Work task => What lines in the records below mention "Summer"? List them all.

Records for the task =>
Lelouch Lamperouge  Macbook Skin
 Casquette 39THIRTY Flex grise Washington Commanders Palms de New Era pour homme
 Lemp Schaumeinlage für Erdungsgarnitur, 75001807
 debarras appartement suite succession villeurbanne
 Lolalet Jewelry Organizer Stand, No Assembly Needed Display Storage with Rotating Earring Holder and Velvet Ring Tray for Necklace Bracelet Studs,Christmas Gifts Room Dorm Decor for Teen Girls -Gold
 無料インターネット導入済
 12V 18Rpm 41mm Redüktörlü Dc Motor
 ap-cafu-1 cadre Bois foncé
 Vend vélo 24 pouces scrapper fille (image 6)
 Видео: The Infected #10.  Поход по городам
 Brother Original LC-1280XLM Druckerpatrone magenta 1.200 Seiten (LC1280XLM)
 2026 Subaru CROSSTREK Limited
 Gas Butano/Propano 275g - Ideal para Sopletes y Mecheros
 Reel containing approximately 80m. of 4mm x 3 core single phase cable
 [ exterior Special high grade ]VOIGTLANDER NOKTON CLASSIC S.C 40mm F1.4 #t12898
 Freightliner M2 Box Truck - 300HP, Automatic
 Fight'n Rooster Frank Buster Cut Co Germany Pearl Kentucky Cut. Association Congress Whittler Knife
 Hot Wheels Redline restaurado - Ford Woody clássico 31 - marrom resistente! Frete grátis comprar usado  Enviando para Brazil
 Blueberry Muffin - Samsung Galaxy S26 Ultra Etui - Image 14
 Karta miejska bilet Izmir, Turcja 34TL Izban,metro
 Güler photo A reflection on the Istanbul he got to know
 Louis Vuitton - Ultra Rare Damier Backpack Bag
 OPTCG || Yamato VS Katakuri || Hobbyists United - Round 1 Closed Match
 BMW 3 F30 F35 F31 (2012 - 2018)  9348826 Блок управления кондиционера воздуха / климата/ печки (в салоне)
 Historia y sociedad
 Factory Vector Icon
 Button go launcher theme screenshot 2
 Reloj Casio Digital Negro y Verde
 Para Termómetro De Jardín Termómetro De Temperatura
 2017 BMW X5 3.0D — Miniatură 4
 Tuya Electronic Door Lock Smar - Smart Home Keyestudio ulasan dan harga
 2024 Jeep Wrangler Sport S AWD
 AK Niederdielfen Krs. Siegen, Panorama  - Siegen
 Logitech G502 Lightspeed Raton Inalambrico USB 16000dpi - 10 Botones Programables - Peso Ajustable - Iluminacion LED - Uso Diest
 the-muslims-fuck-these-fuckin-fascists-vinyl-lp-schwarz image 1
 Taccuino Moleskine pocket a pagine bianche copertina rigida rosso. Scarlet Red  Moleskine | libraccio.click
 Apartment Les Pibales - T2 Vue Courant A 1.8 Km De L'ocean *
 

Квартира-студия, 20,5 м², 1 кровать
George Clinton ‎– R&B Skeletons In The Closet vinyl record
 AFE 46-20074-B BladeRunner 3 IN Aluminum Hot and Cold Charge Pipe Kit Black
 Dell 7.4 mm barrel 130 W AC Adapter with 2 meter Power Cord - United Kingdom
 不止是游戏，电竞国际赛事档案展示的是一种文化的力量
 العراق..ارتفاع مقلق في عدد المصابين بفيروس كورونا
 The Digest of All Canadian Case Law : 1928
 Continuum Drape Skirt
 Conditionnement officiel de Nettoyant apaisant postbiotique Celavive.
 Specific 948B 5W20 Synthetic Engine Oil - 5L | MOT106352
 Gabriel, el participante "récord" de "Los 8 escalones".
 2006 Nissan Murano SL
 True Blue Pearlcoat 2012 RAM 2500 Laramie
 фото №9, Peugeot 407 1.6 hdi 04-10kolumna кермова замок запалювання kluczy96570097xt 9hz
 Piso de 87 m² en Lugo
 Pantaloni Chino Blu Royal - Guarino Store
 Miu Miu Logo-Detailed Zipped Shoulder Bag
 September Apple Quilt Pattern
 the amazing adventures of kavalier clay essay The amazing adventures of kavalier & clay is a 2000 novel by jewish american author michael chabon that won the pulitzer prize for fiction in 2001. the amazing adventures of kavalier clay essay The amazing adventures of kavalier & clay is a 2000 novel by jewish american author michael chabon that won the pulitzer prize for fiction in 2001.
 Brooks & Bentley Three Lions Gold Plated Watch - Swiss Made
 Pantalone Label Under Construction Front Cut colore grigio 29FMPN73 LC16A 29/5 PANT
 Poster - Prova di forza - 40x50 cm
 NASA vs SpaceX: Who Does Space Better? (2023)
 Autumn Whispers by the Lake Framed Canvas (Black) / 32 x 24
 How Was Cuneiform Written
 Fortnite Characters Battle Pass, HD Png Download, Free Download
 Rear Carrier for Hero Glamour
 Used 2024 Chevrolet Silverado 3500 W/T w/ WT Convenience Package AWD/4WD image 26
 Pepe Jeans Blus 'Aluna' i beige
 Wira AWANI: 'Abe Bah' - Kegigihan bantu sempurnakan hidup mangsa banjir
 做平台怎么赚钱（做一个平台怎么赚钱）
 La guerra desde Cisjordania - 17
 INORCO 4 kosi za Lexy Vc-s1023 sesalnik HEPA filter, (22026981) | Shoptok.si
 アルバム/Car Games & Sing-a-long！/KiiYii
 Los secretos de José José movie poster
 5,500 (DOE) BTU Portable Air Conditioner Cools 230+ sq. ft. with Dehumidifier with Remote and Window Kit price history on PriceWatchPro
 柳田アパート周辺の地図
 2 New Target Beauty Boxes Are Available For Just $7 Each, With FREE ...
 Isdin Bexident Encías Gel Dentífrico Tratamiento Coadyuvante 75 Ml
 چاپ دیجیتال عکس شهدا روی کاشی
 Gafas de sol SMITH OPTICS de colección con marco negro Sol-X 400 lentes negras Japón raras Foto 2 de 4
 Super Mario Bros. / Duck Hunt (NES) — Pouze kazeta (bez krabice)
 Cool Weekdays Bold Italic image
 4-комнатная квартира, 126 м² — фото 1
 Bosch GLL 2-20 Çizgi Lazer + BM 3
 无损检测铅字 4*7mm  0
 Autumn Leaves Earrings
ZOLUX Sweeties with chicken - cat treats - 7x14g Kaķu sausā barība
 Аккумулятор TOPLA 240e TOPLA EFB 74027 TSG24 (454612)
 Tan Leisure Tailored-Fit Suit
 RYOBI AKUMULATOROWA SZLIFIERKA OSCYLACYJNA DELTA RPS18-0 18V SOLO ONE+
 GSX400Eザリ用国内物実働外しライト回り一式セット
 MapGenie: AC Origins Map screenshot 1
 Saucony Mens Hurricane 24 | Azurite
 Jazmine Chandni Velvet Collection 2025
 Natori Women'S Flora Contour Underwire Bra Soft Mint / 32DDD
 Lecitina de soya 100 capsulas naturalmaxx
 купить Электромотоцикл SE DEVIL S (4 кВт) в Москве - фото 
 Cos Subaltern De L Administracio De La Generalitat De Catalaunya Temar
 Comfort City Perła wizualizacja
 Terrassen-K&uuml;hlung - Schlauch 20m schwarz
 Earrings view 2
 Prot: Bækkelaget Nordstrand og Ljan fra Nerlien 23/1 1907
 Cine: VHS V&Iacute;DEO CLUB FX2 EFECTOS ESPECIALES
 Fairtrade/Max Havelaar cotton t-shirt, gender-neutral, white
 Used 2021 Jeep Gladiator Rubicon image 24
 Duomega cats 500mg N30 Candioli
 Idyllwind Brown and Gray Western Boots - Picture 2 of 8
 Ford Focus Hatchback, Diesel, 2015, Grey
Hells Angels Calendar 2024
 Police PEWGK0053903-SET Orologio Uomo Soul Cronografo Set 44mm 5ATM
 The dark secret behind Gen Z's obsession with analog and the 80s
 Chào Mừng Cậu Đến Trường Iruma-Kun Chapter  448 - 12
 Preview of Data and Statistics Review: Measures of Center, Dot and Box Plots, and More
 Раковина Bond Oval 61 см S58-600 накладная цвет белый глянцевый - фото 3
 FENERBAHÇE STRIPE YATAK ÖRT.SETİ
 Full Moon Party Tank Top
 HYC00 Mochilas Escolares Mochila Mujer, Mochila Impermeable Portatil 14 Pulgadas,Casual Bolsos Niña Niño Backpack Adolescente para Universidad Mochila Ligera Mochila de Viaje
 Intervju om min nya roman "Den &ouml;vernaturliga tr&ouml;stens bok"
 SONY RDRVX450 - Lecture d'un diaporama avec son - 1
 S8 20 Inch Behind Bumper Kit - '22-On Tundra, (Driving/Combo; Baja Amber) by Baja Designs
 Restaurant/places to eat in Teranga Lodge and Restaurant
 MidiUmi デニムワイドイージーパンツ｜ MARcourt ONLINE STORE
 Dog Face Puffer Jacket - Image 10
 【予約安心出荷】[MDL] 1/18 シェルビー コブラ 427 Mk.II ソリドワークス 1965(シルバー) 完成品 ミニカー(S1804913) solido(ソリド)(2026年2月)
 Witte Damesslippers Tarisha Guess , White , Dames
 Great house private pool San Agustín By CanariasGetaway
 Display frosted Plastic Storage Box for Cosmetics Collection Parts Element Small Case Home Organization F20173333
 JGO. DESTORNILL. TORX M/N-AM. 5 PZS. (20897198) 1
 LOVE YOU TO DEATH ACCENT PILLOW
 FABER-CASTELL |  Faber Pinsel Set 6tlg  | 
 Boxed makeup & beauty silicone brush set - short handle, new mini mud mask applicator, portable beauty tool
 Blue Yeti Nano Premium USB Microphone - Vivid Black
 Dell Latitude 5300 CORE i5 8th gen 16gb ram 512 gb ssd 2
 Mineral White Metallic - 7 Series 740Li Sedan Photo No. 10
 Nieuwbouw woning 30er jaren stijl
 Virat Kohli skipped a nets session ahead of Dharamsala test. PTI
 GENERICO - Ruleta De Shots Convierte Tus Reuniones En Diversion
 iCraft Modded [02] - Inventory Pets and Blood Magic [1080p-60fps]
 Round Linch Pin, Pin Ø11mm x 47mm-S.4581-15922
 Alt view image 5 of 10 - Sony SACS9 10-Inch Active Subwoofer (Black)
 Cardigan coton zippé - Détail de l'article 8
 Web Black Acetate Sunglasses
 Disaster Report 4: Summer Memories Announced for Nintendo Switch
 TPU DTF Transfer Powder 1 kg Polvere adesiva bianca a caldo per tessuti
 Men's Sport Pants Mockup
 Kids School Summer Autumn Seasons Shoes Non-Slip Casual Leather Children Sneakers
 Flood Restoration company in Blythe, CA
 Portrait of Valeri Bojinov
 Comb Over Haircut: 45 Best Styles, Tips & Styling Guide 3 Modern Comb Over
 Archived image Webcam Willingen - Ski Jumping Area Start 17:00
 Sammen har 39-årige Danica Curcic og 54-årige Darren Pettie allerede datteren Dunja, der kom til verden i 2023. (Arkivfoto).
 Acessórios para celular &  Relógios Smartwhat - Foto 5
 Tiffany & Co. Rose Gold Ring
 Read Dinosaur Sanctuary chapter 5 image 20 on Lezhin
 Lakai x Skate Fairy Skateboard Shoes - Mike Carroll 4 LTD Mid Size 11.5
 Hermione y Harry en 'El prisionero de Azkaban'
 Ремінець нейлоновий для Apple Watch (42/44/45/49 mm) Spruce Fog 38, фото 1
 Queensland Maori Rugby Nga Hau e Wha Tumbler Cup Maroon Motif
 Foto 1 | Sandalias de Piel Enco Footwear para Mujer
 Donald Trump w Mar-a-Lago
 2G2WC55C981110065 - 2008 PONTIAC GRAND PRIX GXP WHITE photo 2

Task solution =>
 Disaster Report 4: Summer Memories Announced for Nintendo Switch
 Kids School Summer Autumn Seasons Shoes Non-Slip Casual Leather Children Sneakers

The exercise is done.